# [WORK TASK]
Beginning with the line that contains "A kitchen with", write out each remaining line of the records below exactly. Do not copy any picture.

# [DATA FOR THE TASK]
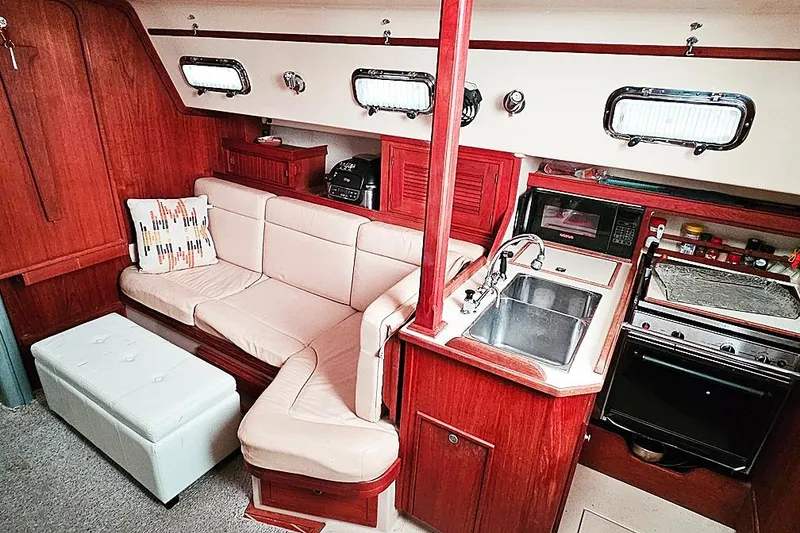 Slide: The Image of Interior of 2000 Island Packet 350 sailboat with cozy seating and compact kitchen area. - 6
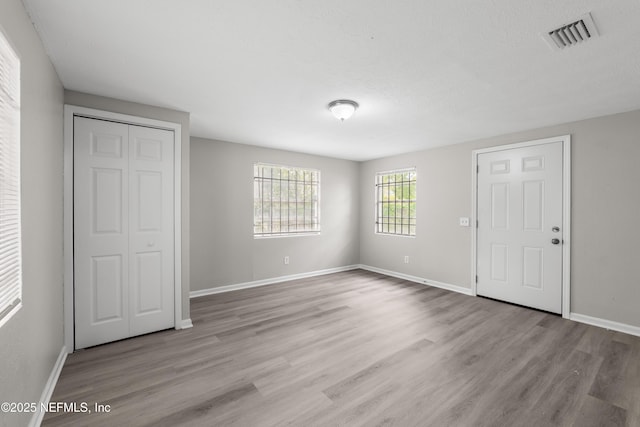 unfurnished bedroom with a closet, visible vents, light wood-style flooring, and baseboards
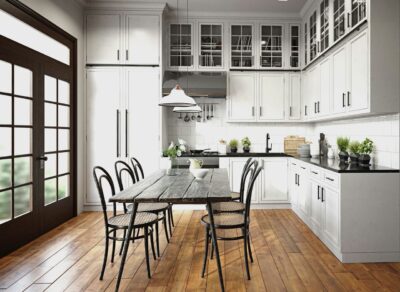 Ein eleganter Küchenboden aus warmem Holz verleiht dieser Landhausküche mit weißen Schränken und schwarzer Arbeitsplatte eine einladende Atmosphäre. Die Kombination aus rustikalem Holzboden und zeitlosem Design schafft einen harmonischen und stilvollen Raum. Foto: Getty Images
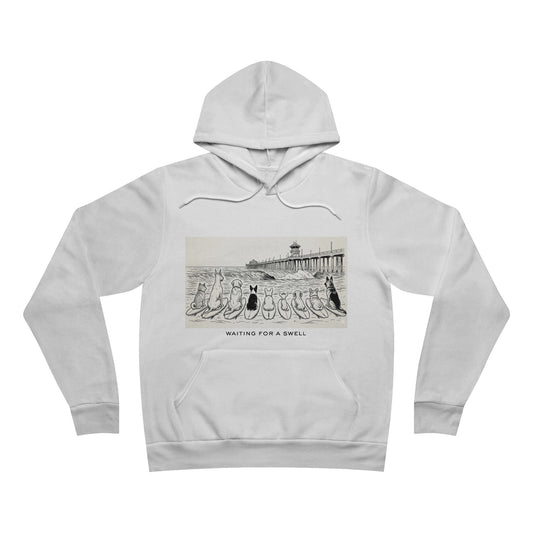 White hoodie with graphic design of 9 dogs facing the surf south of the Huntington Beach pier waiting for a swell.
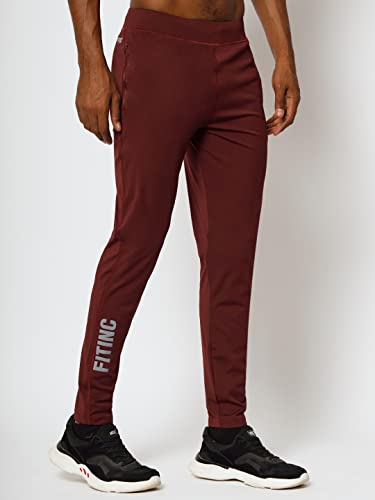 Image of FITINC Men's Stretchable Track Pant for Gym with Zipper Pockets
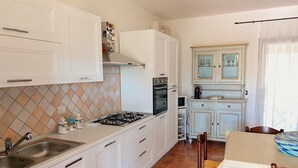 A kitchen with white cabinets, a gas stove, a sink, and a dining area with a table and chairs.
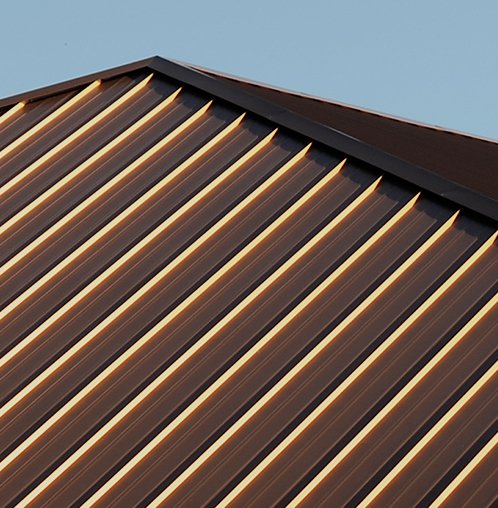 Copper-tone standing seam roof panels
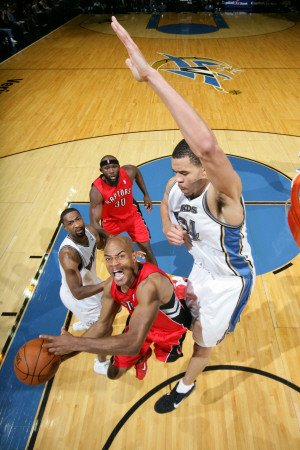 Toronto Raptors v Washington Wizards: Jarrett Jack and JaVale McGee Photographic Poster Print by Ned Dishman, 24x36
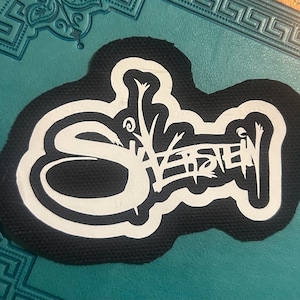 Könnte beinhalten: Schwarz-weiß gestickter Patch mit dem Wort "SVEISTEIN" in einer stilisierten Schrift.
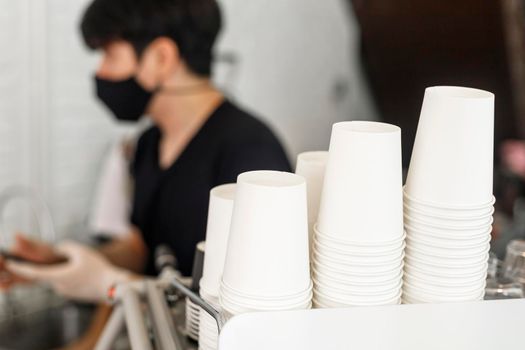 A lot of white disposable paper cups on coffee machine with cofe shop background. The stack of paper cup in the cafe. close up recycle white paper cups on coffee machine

# [EXERCISE ANSWER]
 A kitchen with white cabinets, a gas stove, a sink, and a dining area with a table and chairs.
 Copper-tone standing seam roof panels
 Toronto Raptors v Washington Wizards: Jarrett Jack and JaVale McGee Photographic Poster Print by Ned Dishman, 24x36
 Könnte beinhalten: Schwarz-weiß gestickter Patch mit dem Wort "SVEISTEIN" in einer stilisierten Schrift.
 A lot of white disposable paper cups on coffee machine with cofe shop background. The stack of paper cup in the cafe. close up recycle white paper cups on coffee machine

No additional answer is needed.